Allow sync tests to control their event loop lifecycles #6244

jbreams · 2023-01-27T04:51:29Z

What, How & Why?

This undoes some of the changes in #6151 so that sync tests can control the lifecycle of their own event loops, including controlling when they start/stop and posting directly to them. Hopefully this fixes the TSAN issues we were seeing - I ran all the realm-sync-tests successfully with TSAN enabled locally.

☑️ ToDos

~~[ ] 📝 Changelog update~~ - this is fixing changes to tests that haven't been released yet.
🚦 Tests (or not relevant)
C-API, if public C++ API changed.

…_loop_lifecycle_fixes

michael-wb

Nice! Thanks for looking into this!

michael-wb · 2023-01-27T05:12:36Z

src/realm/sync/network/default_socket.cpp

        // Updating state to Stopping will free a start() if it is waiting for the thread to
        // start and may cause the thread to exit early before calling service.run()
        m_service.stop(); // Unblocks m_service.run()
+        state_wait_for(lock, State::Stopping);


This will never wait since our state is already set to Stopping above...

michael-wb · 2023-01-27T05:29:32Z

test/sync_fixtures.hpp

+
+            m_client_socket_providers.push_back(std::make_shared<websocket::DefaultSocketProvider>(
+                m_client_loggers[i], "", websocket::DefaultSocketProvider::AutoStart{false}));
+            config_2.socket_provider = m_client_socket_providers.back();


Very clever!

michael-wb · 2023-01-27T05:34:01Z

test/test_handshake.cpp

@@ -285,7 +286,7 @@ void run_client_surprise_server(unit_test::TestContext& test_context, const std:

    util::Logger& logger = test_context.logger;
    util::PrefixLogger server_logger("Server: ", logger);


nit: You might as well make this test_context.logger as well and delete the line above

Since we don't use this file, you can ignore...

michael-wb · 2023-01-27T05:46:11Z

test/test_handshake.cpp

    Client::Config client_config;
-    client_config.logger = &client_logger;


How did this work without crashing in the past?
Oh, it looks like we don't use this file in our tests... (it's not in any of the CMakeLists.txt files)

I've just removed this file.

danieltabacaru · 2023-01-27T07:24:19Z

test/sync_fixtures.hpp

@@ -562,6 +567,9 @@ class MultiClientServerFixture {
    {
        unit_test::TestContext& test_context = m_test_context;
        stop();
+        for (int i = 0; i < m_num_clients; ++i) {
+            m_client_socket_providers[i]->stop(true);


Shouldn't stop() do this (and remove it from here)?

from what I saw, the behavior of the tests before was that calling stop() did not actually join the client worker thread and the worker threads were joined separately here

realm-core/test/sync_fixtures.hpp

Line 568 in 792fd5b

CHECK(!m_client_threads[i].join());

I'm just trying to preserve that behavior.

It doesn't hurt but not necessary, since the both the client (currently, but will be removed soon) and the DefaultWebsocketProvider does this in their destructors.

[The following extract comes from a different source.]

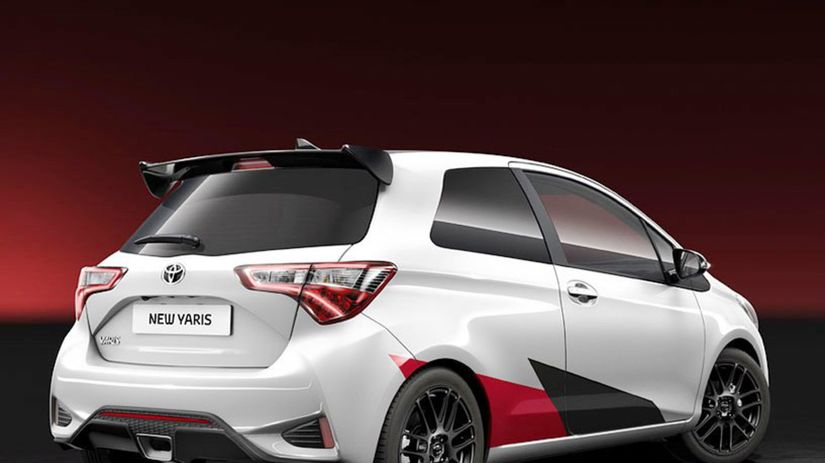 Vzadu dostane Yaris GRMN centrálne vyvedený výfuk.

And stop() doesn't need to do this, since client.stop() will already start the event loop stop process. But that will be changed with my upcoming changes - once those are in, it shouldn't matter if/when we call stop on the event loop. I can revisit with my changes.

The client calls stop() but without stop(true), so it doesn't really do this. Maybe we could replace this with m_client_socket_providers.clear() in the future, but since we had a bunch of weird data races I think it's worth it to try to keep this shutdown logic as close to the old behavior as possible.

jbreams · 2023-01-27T18:47:03Z

src/realm/sync/network/default_socket.cpp

    if (m_keep_running_timer)
        m_keep_running_timer->cancel();
-    if (m_thread.joinable()) {


I think stop() should be the thing that joins the worker thread

But only if wait_for_stop is true. Sometimes client.stop(), which calls socket_provider.stop() (for now) is called on the event loop thread.

Right, but we're calling stop(true) here. I guess my comment there means "we're calling stop(true), which calls join if wait_for_stop is true, which it is, so we don't need to join here."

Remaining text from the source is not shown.